Barring this inclusion, significant governance challenges remain, with deep-seated and long-standing issues hampering possible improvements. The report emphasized that Nigeria’s oil and gas governance is weak and falls short in key transparency and accountability measures
Highlighting the major issues in the sector, the report listed the governance of licensing as “failing,” due to an absence of a centralized cadaster and rules governing the pre- and post-licensing process and contract disclosures.
It added that the lack of disclosure of public officials’ financial interests in extractive companies and limited disclosure of significant beneficial ownership information remain a concern, while Nigeria’s “poor” enabling environment hinders its petroleum resource governance, with subcomponents related to control of corruption, political stability and government effectiveness all receiving “failing” scores.
However, the report stated that governance of state-owned Nigeria National Petroleum Corporation (NNPC) improved by 25 points since the 2017 RGI, driven mostly by enhanced commodity sales disclosures.
Also, the Nigerian Sovereign Investment Authority (NSIA) was assessed for the first time, and placed in the “good” performance band for sovereign wealth funds due to strong rules and disclosures governing the fund.
To reverse the negative scores, the NRGI recommended that the articles of association for any new NNPC entities created by the PIA contain binding obligations to publish audited financials and detailed commodity sale data.
It also urged all relevant entities to disclose more information on the climate risks and impacts of the country’s existing and planned oil and gas sector operations, while also advising that a multi-stakeholder task force with representatives from relevant government bodies, civil society organizations, research institutions and communities, be set up to develop an evidence-based, consultative energy transition plan for Nigeria.
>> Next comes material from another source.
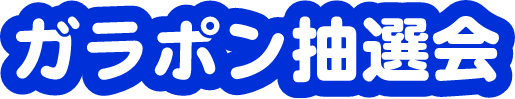 ガラポン抽選会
the NRGI also recommended that the Federal Government consolidate its stabilization mechanisms, utilizing the NSIA which has proven to be more effective than its predecessors.
Extractive360 reports that the 2021 RGI assesses how 18 resource-rich countries govern their oil, gas and mineral wealth. The index composite score is made up of three components. Two measure key characteristics of the extractives sector – value realization and revenue management – and a third captures the broader context of governance — the enabling environment.
These three dimensions of governance consist of 14 sub-components, which comprise 51 indicators, which are calculated by aggregating 136 questions.